Reproduce each record exactly. The pictures should be skipped.

⁂

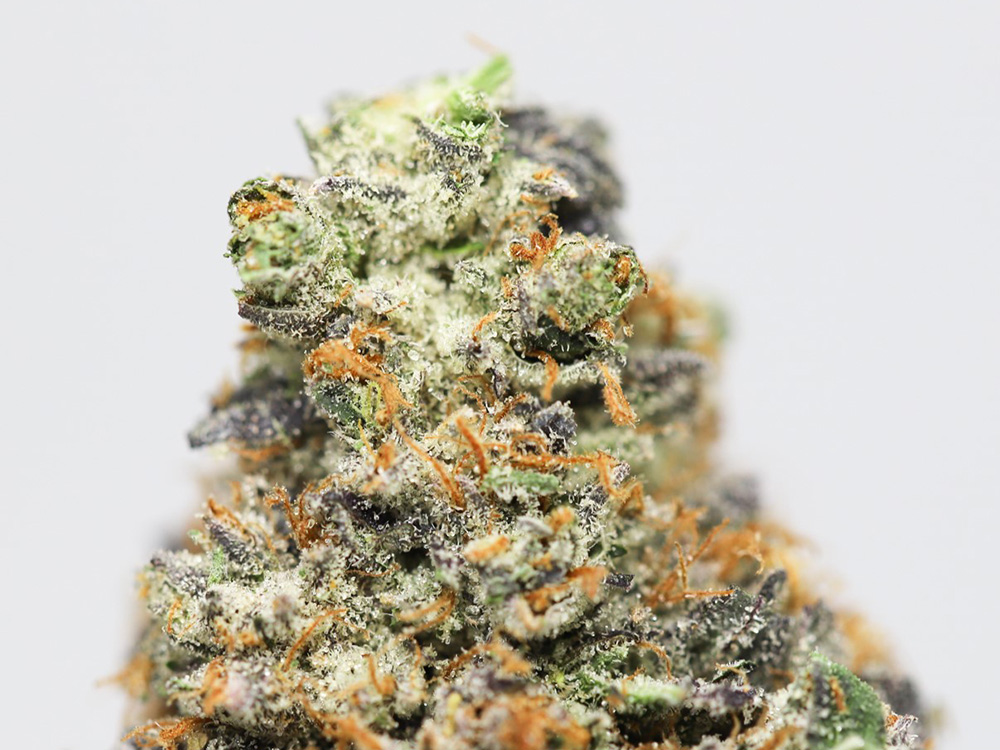 hindu kush close up.jpg hindu kush close up.jpg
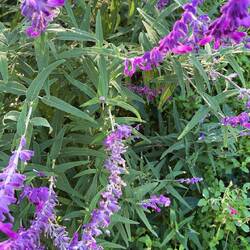 Mexican Sage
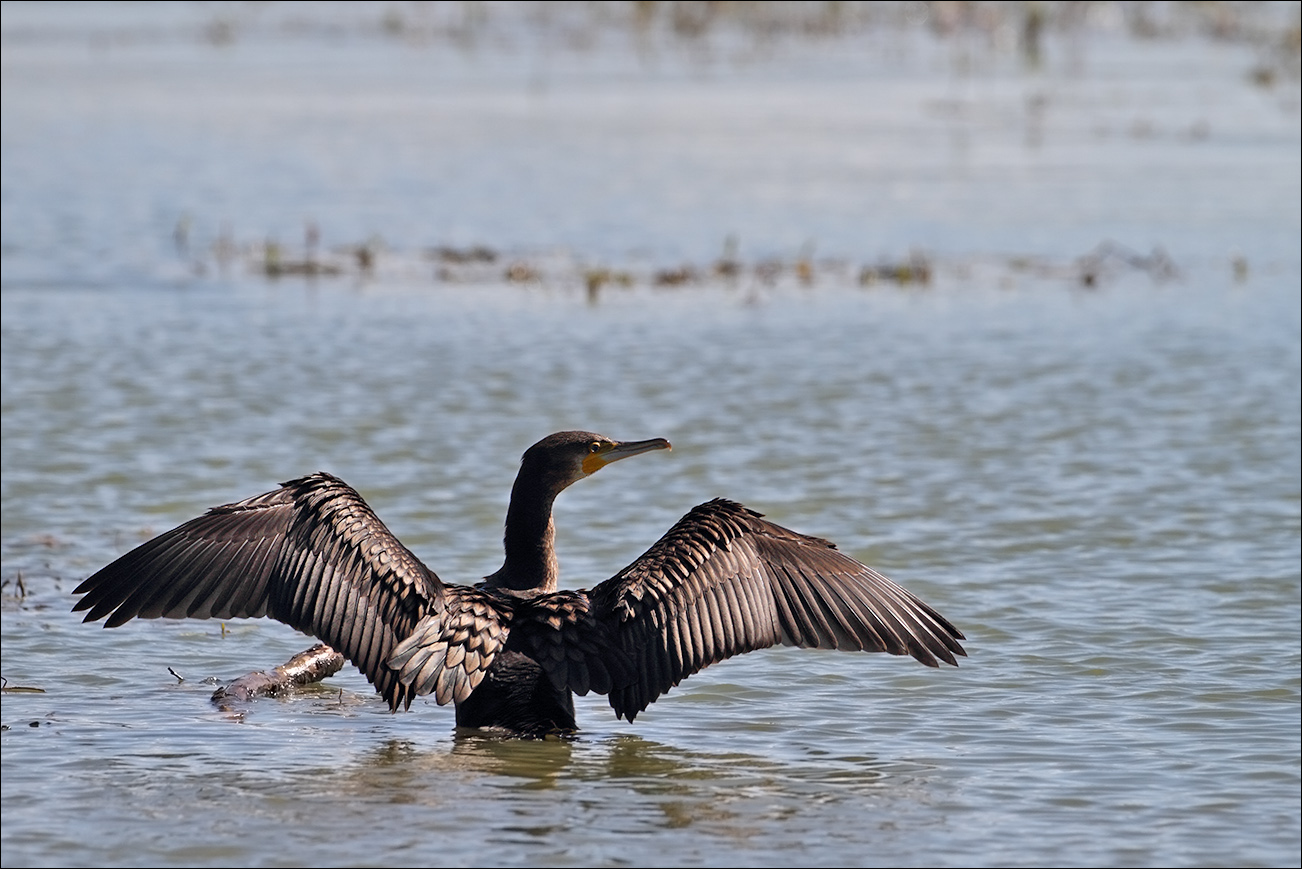 a u a cormorano IMG_0783 B.jpg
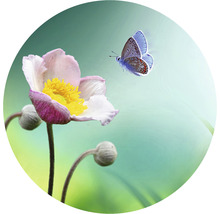 Fototapete Vlies HRBC000061 Blume mit Schmetterling Ø 95 cm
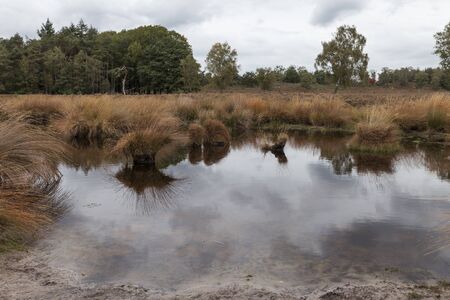 waving reeds and golden grass in the peat bogs the sprengen at epe in the netherlandsの写真素材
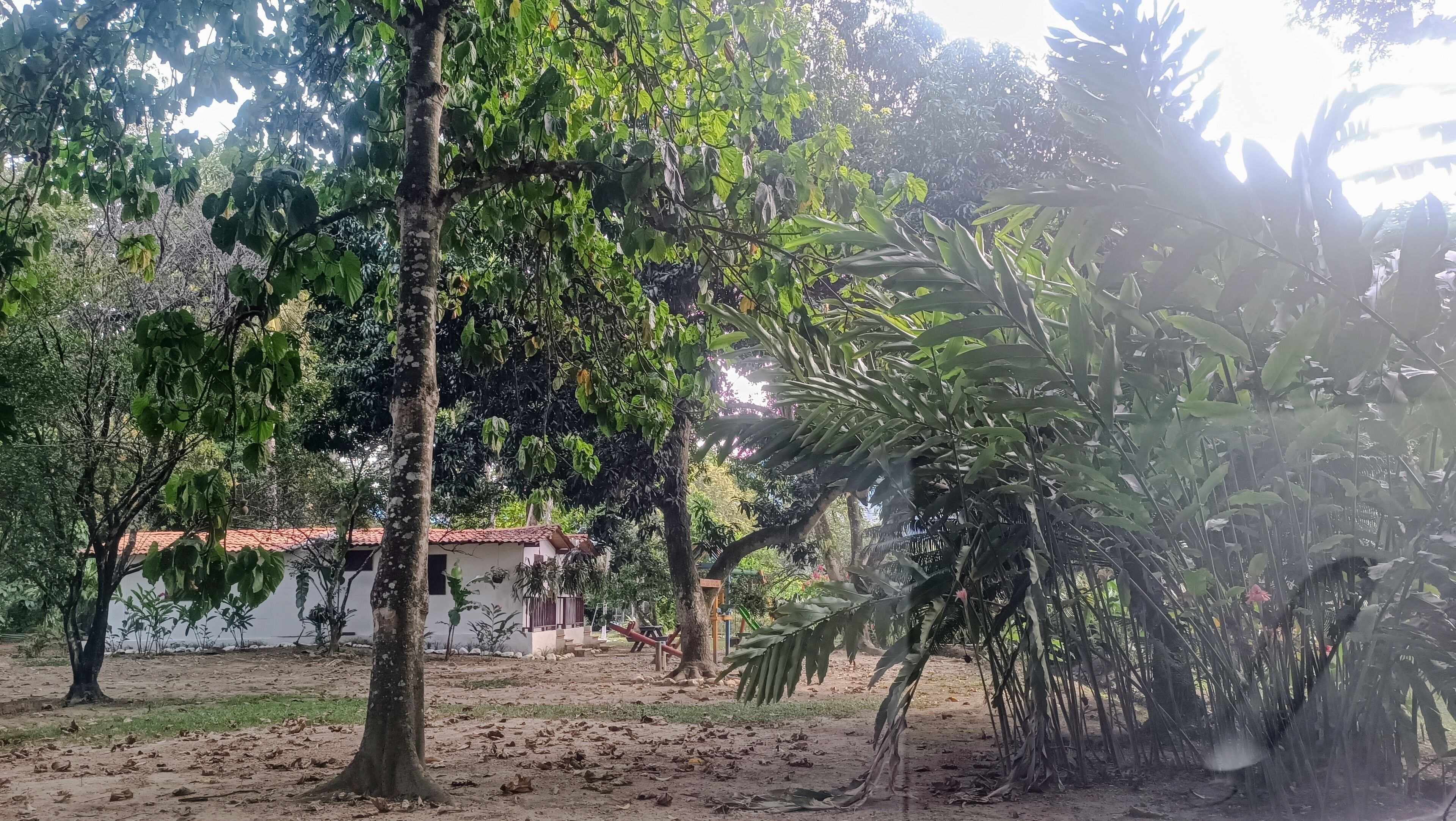 Un jardín con árboles, un edificio blanco de techo rojo y un conjunto de columpios.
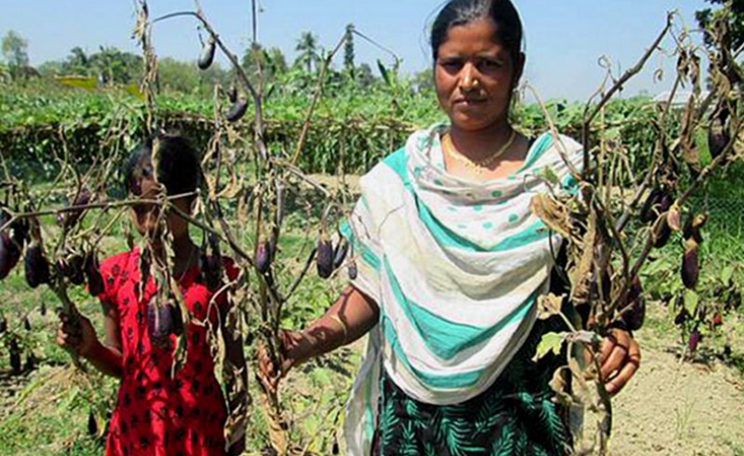In 2014 many GM Bt brinjal plants either died out prematurely or fruited insignificantly compared to locally available varieties, bringing financial ruin to their cultivators. Photo: New Age (Bangladesh).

⁂

**Reply:**
 hindu kush close up.jpg hindu kush close up.jpg
 Mexican Sage
 a u a cormorano IMG_0783 B.jpg
 Fototapete Vlies HRBC000061 Blume mit Schmetterling Ø 95 cm
 waving reeds and golden grass in the peat bogs the sprengen at epe in the netherlandsの写真素材
 Un jardín con árboles, un edificio blanco de techo rojo y un conjunto de columpios.
In 2014 many GM Bt brinjal plants either died out prematurely or fruited insignificantly compared to locally available varieties, bringing financial ruin to their cultivators. Photo: New Age (Bangladesh).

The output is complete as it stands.